Short descriptive text snippets
· · · · · · ·

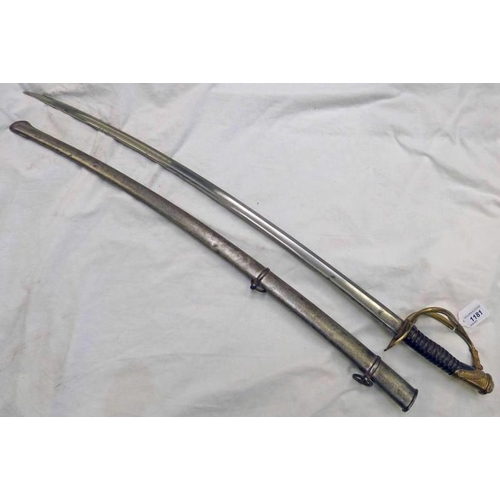 1181 - FRENCH MODEL 1822 LIGHT CAVALRY OFFICERS SWORD MARKED CHATELLERAULT WITH INDISTINCT DATE, 90 CM LONG... 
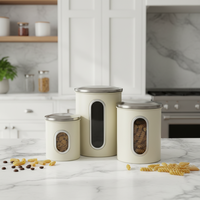 Juego de 3 recipientes metálicos minimalistas BX con ventana transparente para almacenamiento de artículos de cocina y alimentos, con tapas de estilo técnico con logo.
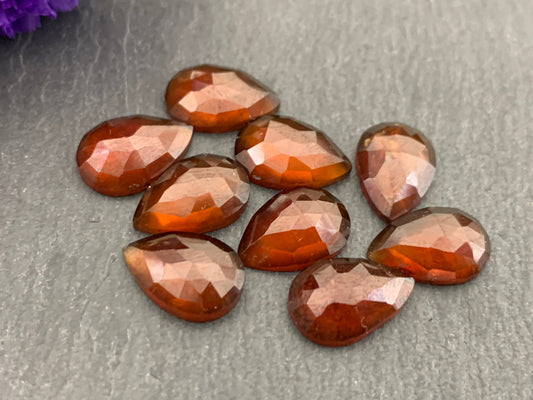 Faceted Hessonite Garnet pear 8x12mm cabochon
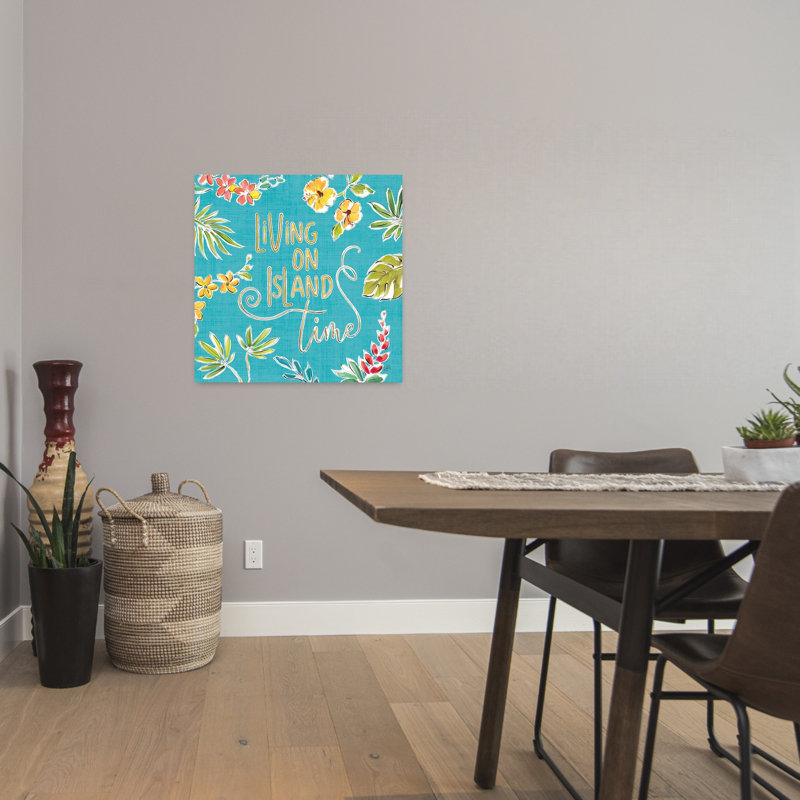 Art abstrait tropical, oasis de palmier hibiscus tropical, H 24 po x l 24 po
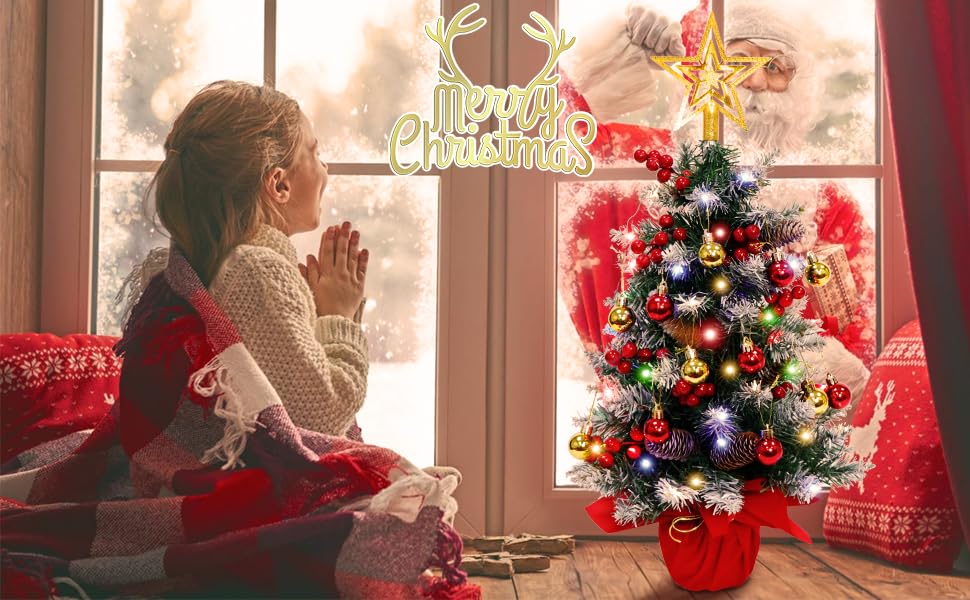 Fayavoo 60cm Mini Christmas Tree Artificial Tabletop Christmas Tree with Lights Christmas Baubles Ball Ornaments, Potted Small Xmas Tree with Christmas Tree Star for Christmas Decorations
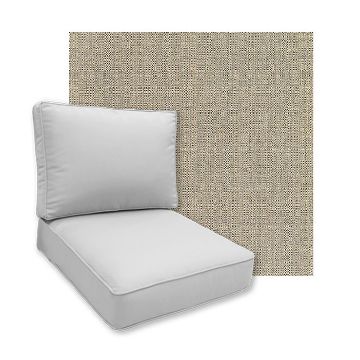 Sunbrella Linen Stone Patio Chair Replacement Cushions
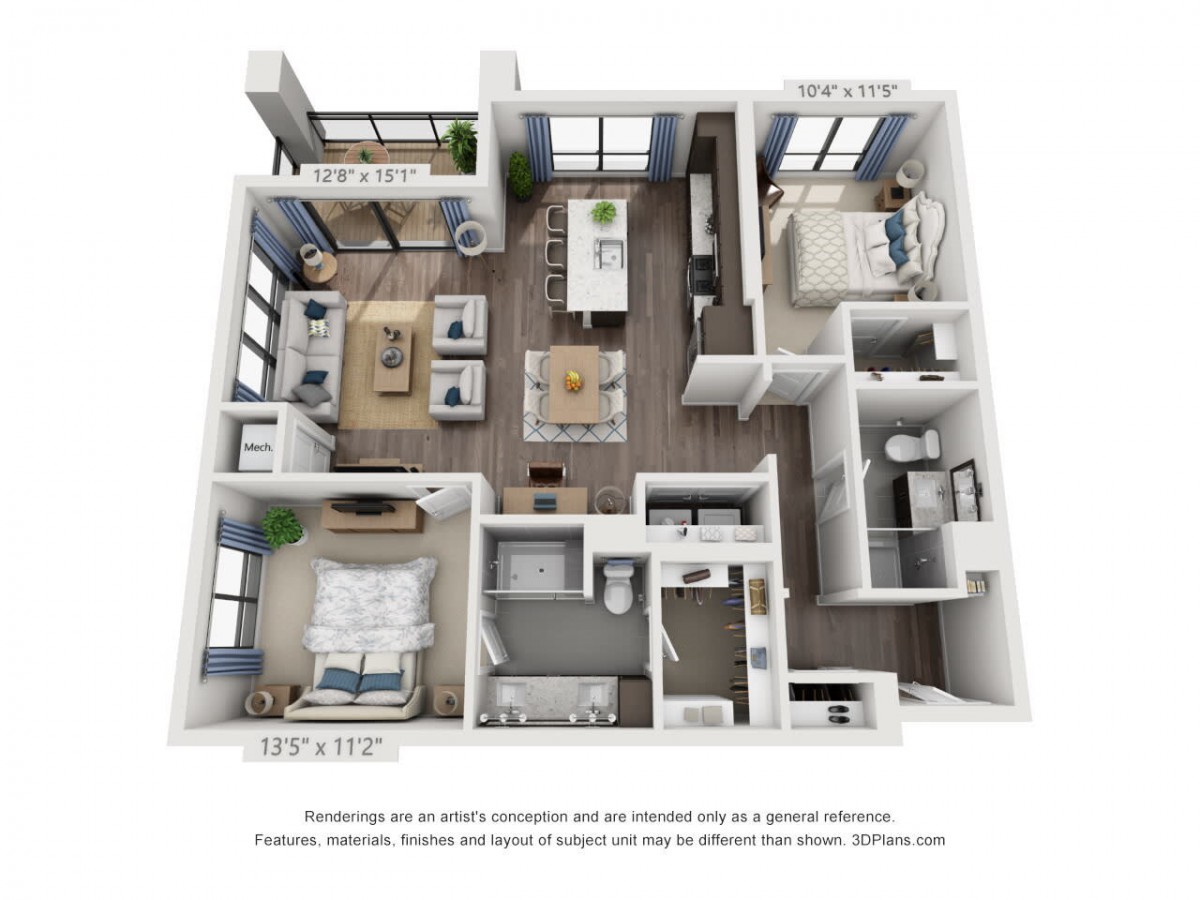 3D floor plan of a modern apartment featuring two bedrooms, a kitchen, living area, and bathrooms.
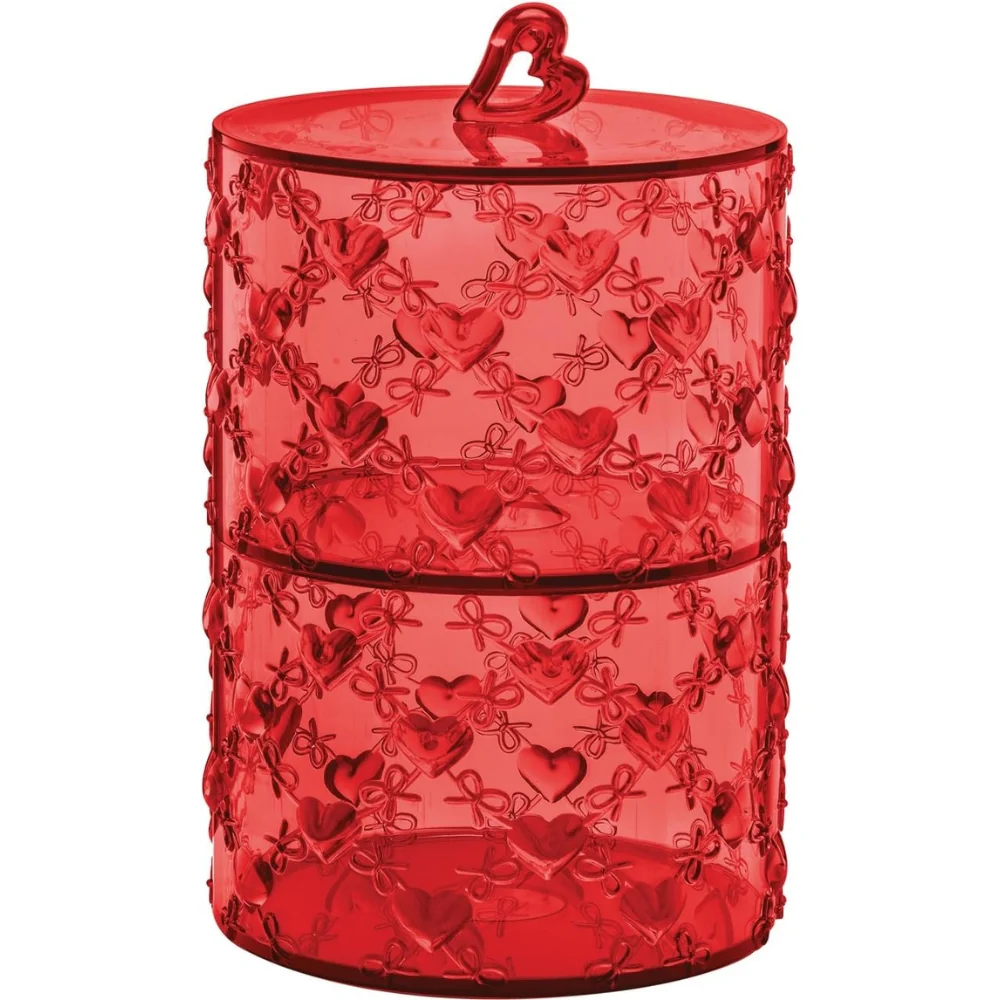 Guzzini Set De 2 Contenedores Apilables Love Rojo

· · · · · · ·

=== Task item ===
An exact copy of every line above is needed, without the images.

=== Reply ===
 1181 - FRENCH MODEL 1822 LIGHT CAVALRY OFFICERS SWORD MARKED CHATELLERAULT WITH INDISTINCT DATE, 90 CM LONG... 
 Juego de 3 recipientes metálicos minimalistas BX con ventana transparente para almacenamiento de artículos de cocina y alimentos, con tapas de estilo técnico con logo.
 Faceted Hessonite Garnet pear 8x12mm cabochon
 Art abstrait tropical, oasis de palmier hibiscus tropical, H 24 po x l 24 po
 Fayavoo 60cm Mini Christmas Tree Artificial Tabletop Christmas Tree with Lights Christmas Baubles Ball Ornaments, Potted Small Xmas Tree with Christmas Tree Star for Christmas Decorations
 Sunbrella Linen Stone Patio Chair Replacement Cushions
 3D floor plan of a modern apartment featuring two bedrooms, a kitchen, living area, and bathrooms.
 Guzzini Set De 2 Contenedores Apilables Love Rojo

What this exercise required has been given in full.